Near Ground Zero, one cannot help but notice the collection of buildings that comprise the World Financial Center. Located directly across the street from the original World Trade Center complex, these structures rose a few years later on landfill that was created with the excavation of the Twin Towers.
World Financial Center, New York City
The original plan called for creating a late twentieth-century version of Rockefeller Center, a new community that would be self-sustaining with its own schools, shops and restaurants. It would also provide new housing for those that would soon be working in the new towers, and it would open up a magnificent riverside promenade that would take advantage of the stunning sunsets and bring much-needed nightlife to an area that previously closed down after sundown.
Designed in 1985 by architect Cesar Pelli and completed in 1988, the towers that make up the Center are excellent examples of Post-modernist architecture in that they combine new ideas with traditional forms. The four towers, ranging from 33 to 54 stories, provide eight-million square feet of office, retail and public space on fourteen acres of land in the center of Battery Park City. Four stocky, polished granite-and-glass towers are topped with geometrically shaped crowns, each one identifying their owners: a dome for Merrill Lynch, a solid pyramid for American Express, a cut pyramid (or mastaba) for Dow Jones and Oppenheimer and a solid pyramid for #3 World Financial Center.

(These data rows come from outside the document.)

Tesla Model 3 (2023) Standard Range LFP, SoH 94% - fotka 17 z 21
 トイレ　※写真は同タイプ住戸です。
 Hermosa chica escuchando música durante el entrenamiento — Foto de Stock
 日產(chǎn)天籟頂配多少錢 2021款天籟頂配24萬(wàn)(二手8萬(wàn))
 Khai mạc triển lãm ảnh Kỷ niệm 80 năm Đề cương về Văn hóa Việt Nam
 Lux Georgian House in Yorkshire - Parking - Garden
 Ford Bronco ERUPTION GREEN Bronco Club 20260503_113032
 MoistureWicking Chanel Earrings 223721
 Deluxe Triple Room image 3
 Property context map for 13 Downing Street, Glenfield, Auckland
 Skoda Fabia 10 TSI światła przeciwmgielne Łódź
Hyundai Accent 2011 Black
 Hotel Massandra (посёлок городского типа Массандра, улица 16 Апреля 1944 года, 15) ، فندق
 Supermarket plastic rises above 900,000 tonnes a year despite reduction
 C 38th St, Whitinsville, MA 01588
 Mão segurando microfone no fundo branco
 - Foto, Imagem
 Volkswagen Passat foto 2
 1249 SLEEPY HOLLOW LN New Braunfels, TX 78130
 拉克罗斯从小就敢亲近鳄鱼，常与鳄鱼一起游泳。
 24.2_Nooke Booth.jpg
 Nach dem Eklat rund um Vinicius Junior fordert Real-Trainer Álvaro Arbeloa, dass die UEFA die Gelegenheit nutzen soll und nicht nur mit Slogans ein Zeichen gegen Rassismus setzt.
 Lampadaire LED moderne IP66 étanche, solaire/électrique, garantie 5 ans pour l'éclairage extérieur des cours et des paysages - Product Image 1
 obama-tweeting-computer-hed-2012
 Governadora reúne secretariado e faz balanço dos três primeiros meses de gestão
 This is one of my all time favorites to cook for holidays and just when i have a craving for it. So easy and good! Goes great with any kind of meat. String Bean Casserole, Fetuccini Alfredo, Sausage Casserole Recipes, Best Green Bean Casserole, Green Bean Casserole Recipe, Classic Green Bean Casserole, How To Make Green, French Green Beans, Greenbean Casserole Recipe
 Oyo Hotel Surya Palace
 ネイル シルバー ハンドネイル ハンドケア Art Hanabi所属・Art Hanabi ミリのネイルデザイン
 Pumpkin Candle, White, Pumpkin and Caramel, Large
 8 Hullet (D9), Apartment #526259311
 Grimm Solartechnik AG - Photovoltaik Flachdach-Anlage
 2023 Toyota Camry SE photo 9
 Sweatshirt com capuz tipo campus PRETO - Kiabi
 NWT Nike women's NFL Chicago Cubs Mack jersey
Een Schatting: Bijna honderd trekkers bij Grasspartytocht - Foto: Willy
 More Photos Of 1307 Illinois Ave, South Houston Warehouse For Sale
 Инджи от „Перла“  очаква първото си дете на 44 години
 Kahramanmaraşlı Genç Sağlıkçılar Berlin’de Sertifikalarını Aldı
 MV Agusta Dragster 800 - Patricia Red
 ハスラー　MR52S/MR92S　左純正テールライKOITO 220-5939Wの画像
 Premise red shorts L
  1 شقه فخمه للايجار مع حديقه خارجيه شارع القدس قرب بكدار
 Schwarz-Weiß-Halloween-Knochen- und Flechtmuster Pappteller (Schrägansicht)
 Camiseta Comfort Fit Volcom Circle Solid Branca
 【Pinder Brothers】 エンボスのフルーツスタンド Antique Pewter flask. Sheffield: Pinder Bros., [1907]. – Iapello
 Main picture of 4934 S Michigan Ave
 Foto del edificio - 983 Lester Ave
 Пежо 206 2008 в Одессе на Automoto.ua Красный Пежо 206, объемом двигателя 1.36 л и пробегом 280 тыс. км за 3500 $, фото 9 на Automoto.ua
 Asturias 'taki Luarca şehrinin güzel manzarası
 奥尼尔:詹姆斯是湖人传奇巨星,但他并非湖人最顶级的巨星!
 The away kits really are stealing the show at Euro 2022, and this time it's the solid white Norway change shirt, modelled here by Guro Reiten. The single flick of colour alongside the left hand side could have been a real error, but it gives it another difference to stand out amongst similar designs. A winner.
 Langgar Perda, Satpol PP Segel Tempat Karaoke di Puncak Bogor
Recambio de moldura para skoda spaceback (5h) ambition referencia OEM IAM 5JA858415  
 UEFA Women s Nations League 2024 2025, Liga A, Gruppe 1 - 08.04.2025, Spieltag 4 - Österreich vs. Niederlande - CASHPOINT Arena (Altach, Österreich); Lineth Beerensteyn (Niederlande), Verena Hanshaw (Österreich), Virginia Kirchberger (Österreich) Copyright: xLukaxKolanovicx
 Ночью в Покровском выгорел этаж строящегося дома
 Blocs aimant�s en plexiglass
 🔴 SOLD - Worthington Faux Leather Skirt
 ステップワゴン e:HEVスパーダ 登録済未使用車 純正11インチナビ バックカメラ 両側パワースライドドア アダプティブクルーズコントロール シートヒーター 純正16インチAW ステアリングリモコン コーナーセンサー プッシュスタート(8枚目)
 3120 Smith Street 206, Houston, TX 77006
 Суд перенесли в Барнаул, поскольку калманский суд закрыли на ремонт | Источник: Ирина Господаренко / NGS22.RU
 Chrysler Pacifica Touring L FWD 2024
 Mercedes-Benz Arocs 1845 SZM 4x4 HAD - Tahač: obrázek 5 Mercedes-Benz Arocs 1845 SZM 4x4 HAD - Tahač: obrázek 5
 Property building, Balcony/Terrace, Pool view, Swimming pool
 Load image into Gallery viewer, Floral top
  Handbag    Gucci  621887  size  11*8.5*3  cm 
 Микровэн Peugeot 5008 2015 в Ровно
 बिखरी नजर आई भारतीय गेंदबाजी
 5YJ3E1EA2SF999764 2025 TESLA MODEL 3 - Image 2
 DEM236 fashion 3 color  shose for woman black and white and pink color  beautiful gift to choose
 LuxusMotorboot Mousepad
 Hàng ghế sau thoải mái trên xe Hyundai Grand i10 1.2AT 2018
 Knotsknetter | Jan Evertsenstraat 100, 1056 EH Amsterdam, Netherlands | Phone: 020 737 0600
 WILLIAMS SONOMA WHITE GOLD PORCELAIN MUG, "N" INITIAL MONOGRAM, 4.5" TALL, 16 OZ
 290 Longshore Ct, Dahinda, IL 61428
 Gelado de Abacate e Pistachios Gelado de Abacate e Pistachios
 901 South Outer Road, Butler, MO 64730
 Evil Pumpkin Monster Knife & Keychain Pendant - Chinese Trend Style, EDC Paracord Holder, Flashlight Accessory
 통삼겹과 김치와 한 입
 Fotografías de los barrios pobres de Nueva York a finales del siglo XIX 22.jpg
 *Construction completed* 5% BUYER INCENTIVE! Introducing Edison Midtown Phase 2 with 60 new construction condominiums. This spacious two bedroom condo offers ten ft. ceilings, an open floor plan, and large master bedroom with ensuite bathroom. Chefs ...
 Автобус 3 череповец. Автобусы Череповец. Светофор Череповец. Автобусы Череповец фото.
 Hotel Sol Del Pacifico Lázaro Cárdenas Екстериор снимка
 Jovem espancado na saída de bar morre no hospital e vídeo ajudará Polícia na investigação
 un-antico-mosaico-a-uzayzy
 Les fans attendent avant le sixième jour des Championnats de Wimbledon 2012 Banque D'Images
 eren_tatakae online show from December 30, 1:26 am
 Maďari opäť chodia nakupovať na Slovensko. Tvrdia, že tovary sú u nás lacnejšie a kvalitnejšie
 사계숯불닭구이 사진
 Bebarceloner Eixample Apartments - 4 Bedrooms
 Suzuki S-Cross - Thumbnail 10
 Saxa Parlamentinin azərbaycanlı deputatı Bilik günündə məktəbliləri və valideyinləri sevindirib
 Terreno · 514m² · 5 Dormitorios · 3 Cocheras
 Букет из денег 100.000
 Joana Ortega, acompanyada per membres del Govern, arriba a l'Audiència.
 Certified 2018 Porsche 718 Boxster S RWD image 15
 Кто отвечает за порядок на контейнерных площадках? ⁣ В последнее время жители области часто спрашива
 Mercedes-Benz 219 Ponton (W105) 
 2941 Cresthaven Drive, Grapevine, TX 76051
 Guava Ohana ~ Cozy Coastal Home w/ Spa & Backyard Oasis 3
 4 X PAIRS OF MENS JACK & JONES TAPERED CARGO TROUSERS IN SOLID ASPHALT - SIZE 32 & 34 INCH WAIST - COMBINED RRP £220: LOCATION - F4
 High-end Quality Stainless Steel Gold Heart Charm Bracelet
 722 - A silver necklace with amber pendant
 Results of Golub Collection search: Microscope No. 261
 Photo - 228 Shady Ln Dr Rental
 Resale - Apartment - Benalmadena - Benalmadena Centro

The luxurious lobbies feature polychromatic marble and shiny black columns. The soaring Winter Garden (120 feet high) is a glass-enclosed greenhouse pavilion that is comprised of 2,000 panes of glass, sixteen 40-foot tall Washington palm trees and 60,000 square feet of tricolor Italian marble. Free music, dance and theatrical recitals are frequently held here. A glass wall on the west side, which formerly served as a major entryway for the World Trade Center, now offers a sobering view of Ground Zero.
Approximately 35 specialty shops and restaurants overlook an outdoor waterfront plaza with spectacular views of New York’s Hudson River. The guardrail along the marina¹s edge features the words of Walt Whitman and Thomas O’Hara.
Having sustained major damage after the attacks of September 11, the World Financial Center is finally back to full operation.